▶ **YOUR OBJECTIVE**:
Take the data below and write it out exactly, except for the pictures.

▶ **PROVIDED MATERIAL**:
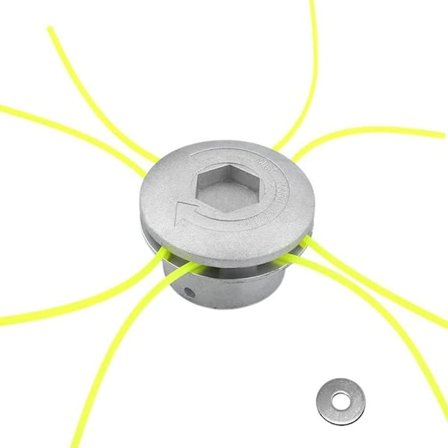 Grästrimmerhuvud i aluminium med 4 linor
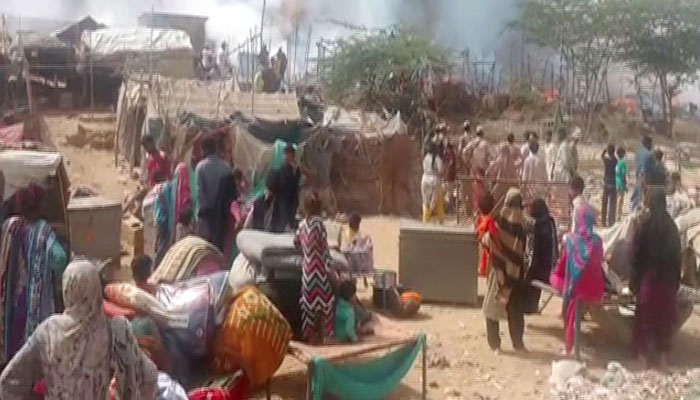 Settlement near University of Karachi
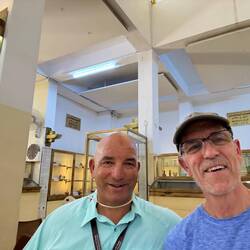 Abraham, a Bedouin, at the ruins in Amman. Aka Kojack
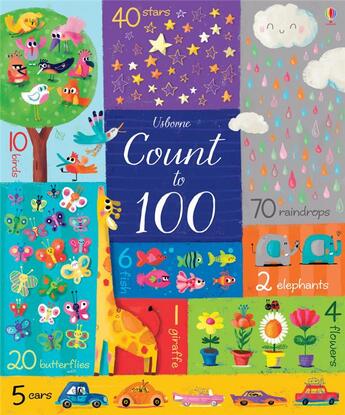 Couverture du livre « Count to 100 » de Felicity Brooks et Sophia Touliatou aux éditions Usborne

▶ **ANSWER TO THE EXERCISE**:
 Grästrimmerhuvud i aluminium med 4 linor
 Settlement near University of Karachi
 Abraham, a Bedouin, at the ruins in Amman. Aka Kojack
 Couverture du livre « Count to 100 » de Felicity Brooks et Sophia Touliatou aux éditions Usborne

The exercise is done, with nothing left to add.